Ji Fengyan melihat kerumunan warga Kota Ping di depannya. Orang-orang ini telah berkumpul untuk memblokir dua ujung jalan. Mereka adalah warga biasa dan tidak melakukan sesuatu yang berlebihan. Ji Fengyan dan yang lainnya takut mereka tidak bisa melakukan apa pun untuk membubarkan mereka.
Pada saat itu, keributan terdengar dari antara kerumunan. Warga yang padat bergerak ke samping untuk membuat jalan dan mereka melihat Song Yuan memasuki jalan, memimpin sekelompok penjaga Kota Ping.
Para prajurit dari Resimen Asap Serigala menghela nafas lega ketika mereka melihat Song Yuan. Hanya ekspresi Ji Fengyan dan Lu Shaoqing yang tidak membaik sama sekali.
“Apa keributan tentang?” Song Yuan memimpin orang-orangnya. Ketika dia melihat bahwa beberapa ratus orang telah mengepung Ji Fengyan dan yang lainnya, ekspresinya tanpa sadar menjadi muram.
Ketika warga Kota Ping melihat bahwa Tuan Kota telah muncul, mereka bergegas ke arahnya seolah-olah mereka telah menemukan pilar kekuatan mereka.
“Tuan Tuan Kota! Cepat dan lihat!
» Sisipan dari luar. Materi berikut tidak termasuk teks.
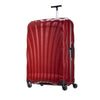 Maleta Rígida Cosmolite Spinner 005 Rojo L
Pembunuhan telah dilakukan!” Seorang pria bergegas ke Song Yuan dan menunjuk mayat yang tergeletak di tanah.
Ketika tatapan Song Yuan jatuh pada mayat wanita dan melihat bahwa dia telah meninggal secara tragis, ekspresinya menunjukkan kejutan.
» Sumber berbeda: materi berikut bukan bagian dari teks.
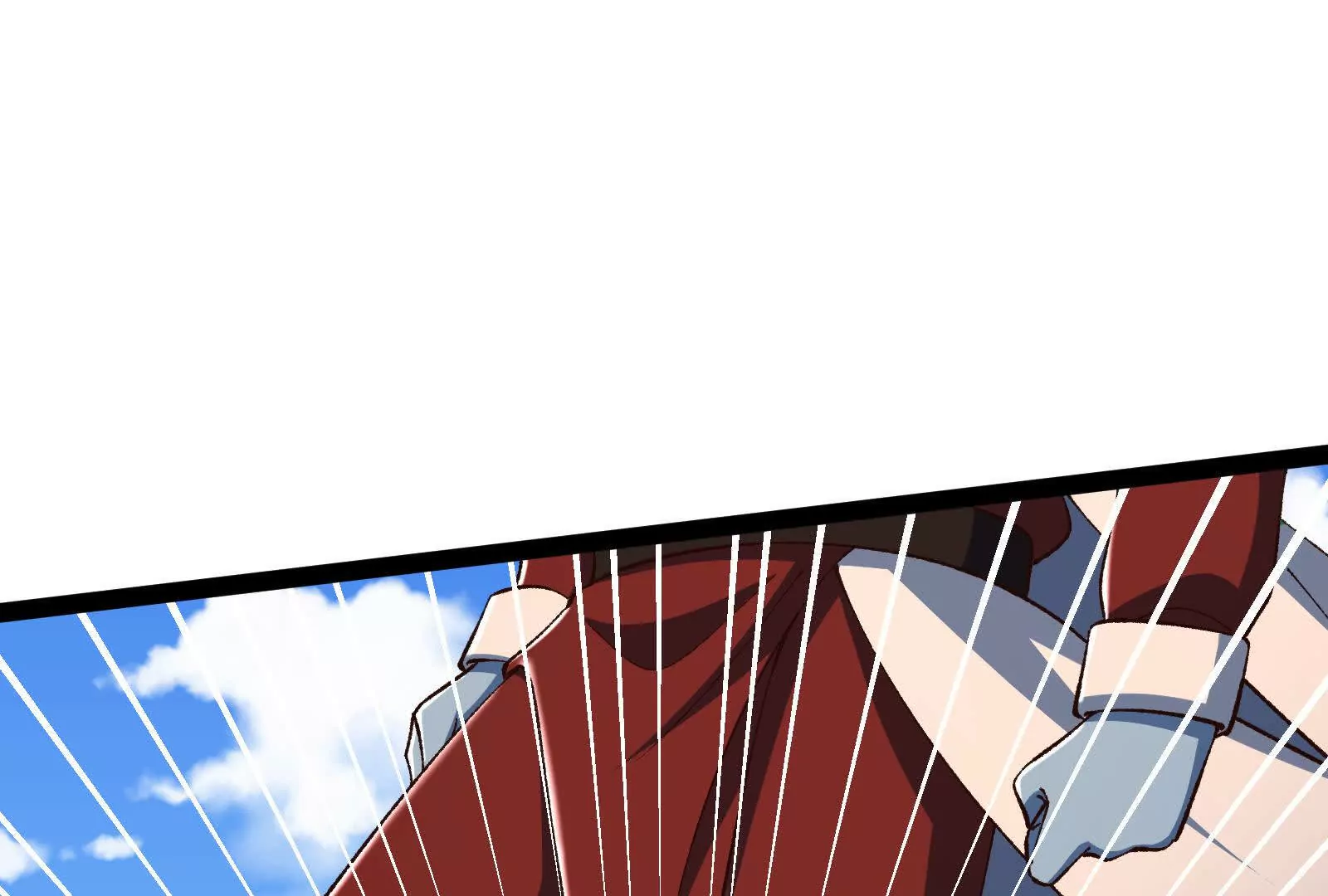 古神遊戲 - 第124話 現身！我們來真的(1/4) - 1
“Apa yang sebenarnya terjadi?”
Warga sekitar semua berbicara pada saat yang sama.
“Tuan Kota Tuan, wanita ini baik-baik saja. Namun, sore ini, kedua orang itu membawanya pergi, dan dia ditemukan tewas di tepi sungai.” Semua warga berbicara sekaligus, tetapi kata-kata mereka menuduh Ji Fengyan dan Lu Shaoqing.
Jejak keterkejutan tanpa sadar muncul di wajah Song Yuan. Dia mengangkat kepalanya untuk melihat Ji Fengyan. “Jenderal Ji, apa … sebenarnya yang terjadi?”
Ji Fengyan memandang Song Yuan dan dengan tenang memberitahunya tentang interaksinya dengan wanita sore itu.
Ketika Song Yuan selesai mendengarkannya, dia tidak segera berbicara. Namun, warga yang mendengar kata-kata Ji Fengyan panik.
“Apa maksudmu kau tidak tahu apa yang terjadi? Dia baik-baik saja, dia hanya meninggal secara tragis setelah kamu pergi. Jika Anda tidak menyakitinya, siapa yang melakukannya ?! ”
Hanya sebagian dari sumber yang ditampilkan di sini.